Re: On the fly compression

From: Jesus Cea Avion <jcea@dont-contact.us>
Date: Tue, 23 Mar 1999 21:13:35 -0100

About "on the fly compression" in squid caches. Several responses in a
single message:

Bertrand Petit wrote:

> This is a great idea, but this would require quite a lot of
> CPU on busy caches.

Yes and no. You can, for example, have a different process scanning
cache directories and gzipping new entries, in background. Of course,
compression would be a configuration option. In Spain bandwidth is
scarce and expensive.

In my three year old 143 Mhz UltraSparc, I can gzip about
730Kbytes/second and gunzip about 5Mbytes/second (calculated about a
20Mbytes file packed to 4.6Mbytes). That's magnitude orders above my
actual bandwidth.

> > Though if one was paying extortionate rates for bandwidth, it may be
> > cunning.
>
> Yes, this would please any french leased lines subscribers...

European lines in general. In Spain, a 64kbps frame relay costs about
2.500-3.000 dollars... per month!!. If I can cut bandwidth usage by 10%,
i'm be really happy!!.

Bertold Kolics wrote:

> This is an ever-green topic, I think. Look at the archives, you will
> find several threads about this.

Archives have no search capability :-(. Altavista shows no relevant
pages, nevertheless.

> Furthermore, lower level compression on a dial-up connection is
> usually done. :-| So, it is also possible to get 100 kbps throughput
> for a given file with a 33.6 kbps modem as well.

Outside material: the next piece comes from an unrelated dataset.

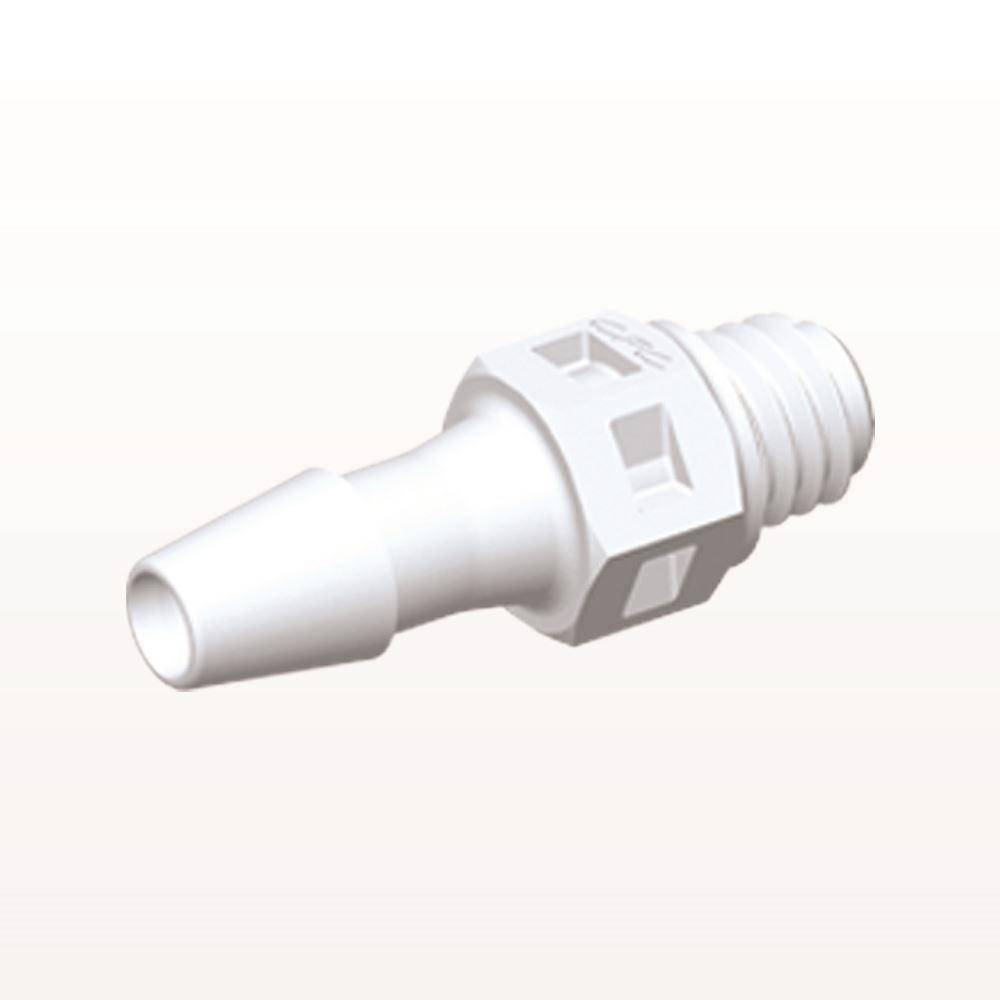 Threaded Connector, Barbed, White, 100/Bag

Yes, but if your modem-pool is distant, any bit you could save is
valuable. At least in Europe.

Robert Federle wrote:

> What about a two way strategy? Storing two versions (one compressed
> and one uncompressed) of the same object requires some additional disk

Difficult to implement if hash tables are calculated only using URLs.

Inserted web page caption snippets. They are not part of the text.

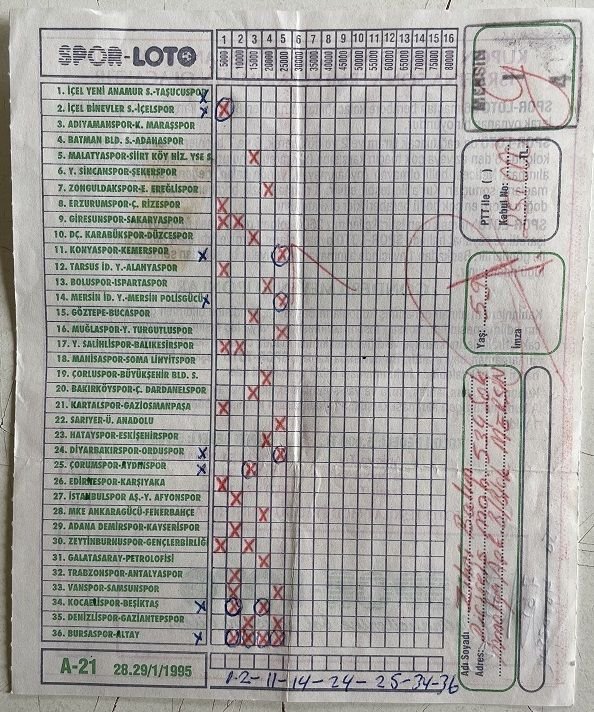 Spor Loto Kupon Kağıdı 1995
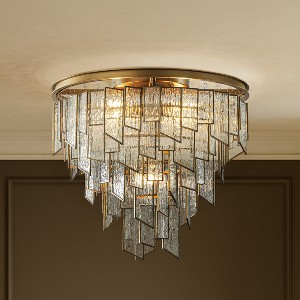 ALOADECOR Luxury Water Ripple Glass Flush Mount Modern Brass Frame Lighting Fixture for Dining Room Living Room and Kitchen Island - 1 of 4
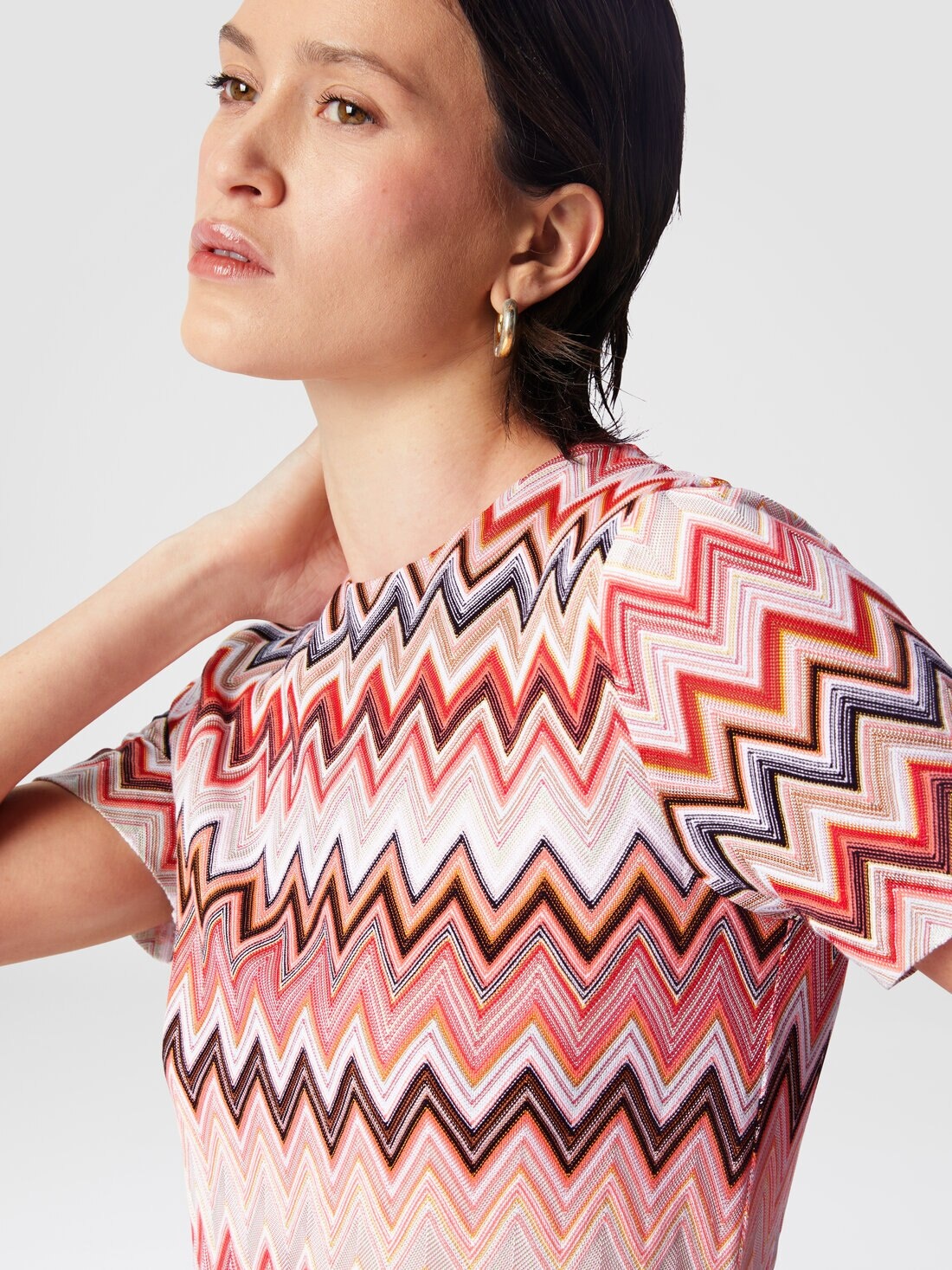 Zig zag cotton and viscose mini-dress - 5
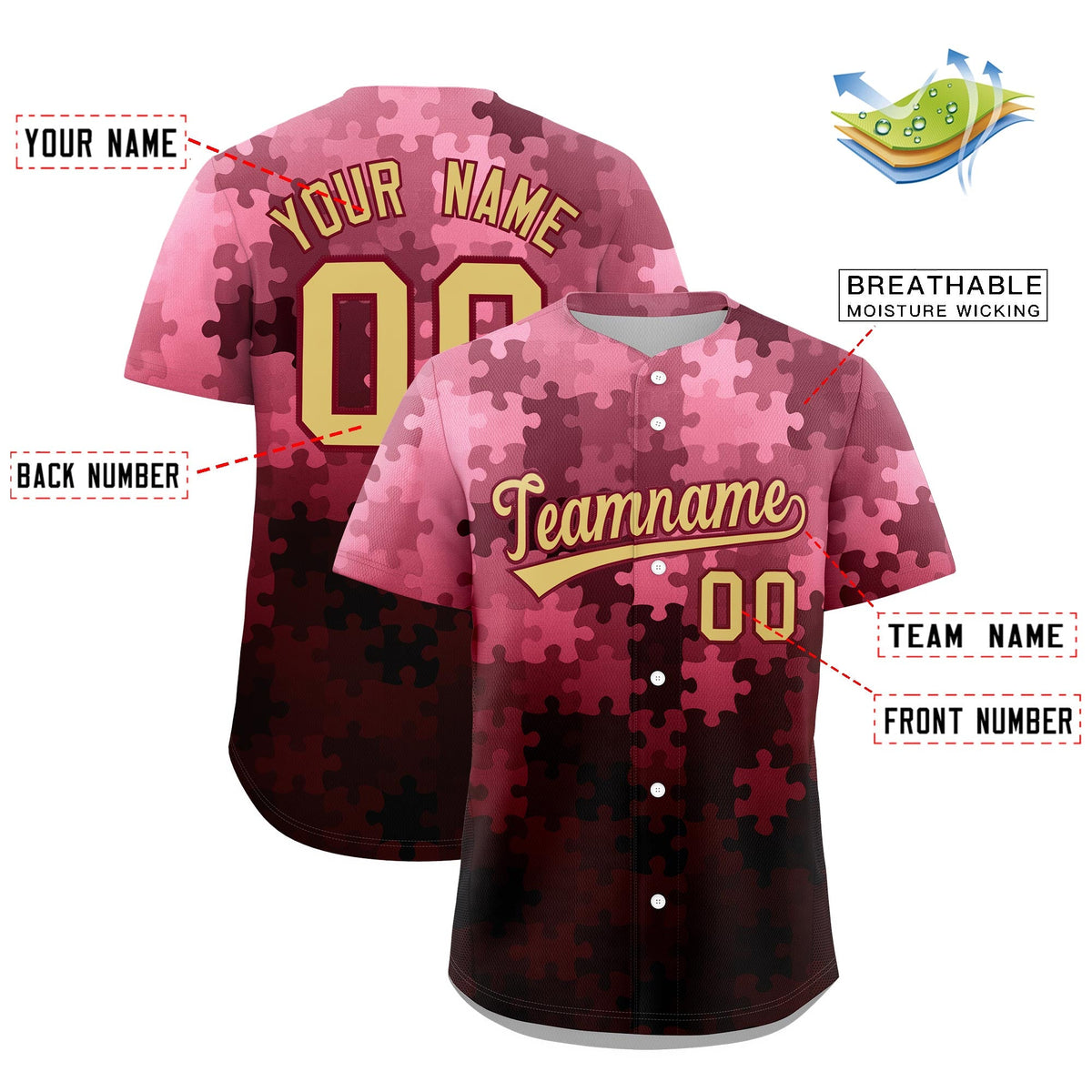 Custom Khaki Crimson Puzzle Elements Baseball Jersey | Sublimation Printed &amp; Stitched,Add Name and Numbern,Perfect for Teams | KXKSHOP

I'm thinking about the background process packing files in a "lazy"
manner :-)... Maybe an afternoon coding&check would be valuable...

Bertold Kolics wrote:

> First, examine a content of a cache. Typically, 70% of its content is
> GIF and JPG images and about 10% is textual files (HTML files, ftp
> directory listings, etc.).

Let me see...

Over 37377 objects stored in disk:

24200 image/gif
7138 text/html
5189 image/jpeg
168 text/plain
157 application/octet-stream
97 application/x-javascript
72 application/zip
59 text/css
...

About 20% of cache are "compressible". That it, objects stored in disk.
But the issue is about objects transferred, not objects stored. Let me
see again...

Object type transfered:

Graphics: 68.6%
HTML: 12.3%
Various: 18.8%

> Is it worth implementing this feature?

Uhmmm... If it cames for free... :-)

David J Woolley wrote:

> The correct place to compress is the origin server before putting the
> file onto the disk.

Yes, I know the project to implement "content-encoding" in apache
server.

http://www.apacheweek.com/features/negotiation
http://www.apache.org/docs/content-negotiation.html

Nevertheless, content negotiation disables caching, nowadays :-(

http://www.flora.org/lynx-dev/html/month0397/msg00724.html
http://theory.uwinnipeg.ca/CPAN/data/Apache-GzipChain/GzipChain.html
http://theory.uwinnipeg.ca/CPAN/by-name/Apache-GzipChain.html

> The only issue for Squid should be whether to force Accept-Encoding
> and decode if not in the request. Decoding is designed to be much
> faster that encoding for the deflate (aka gzip) method.

Since 99.9% of servers send data without doing gzip compressión although
clients send "Accept-Encoding: gzip", we never touch the following
problem:

Squid, currently, seems to ignore "Accept-Encoding" (client) and
"Content-Encoding" (server) headers. It simply copies headers, without
interpretation.

So, suppose the following:

1. Client A requests a page. It send "Accept-Encoding: gzip".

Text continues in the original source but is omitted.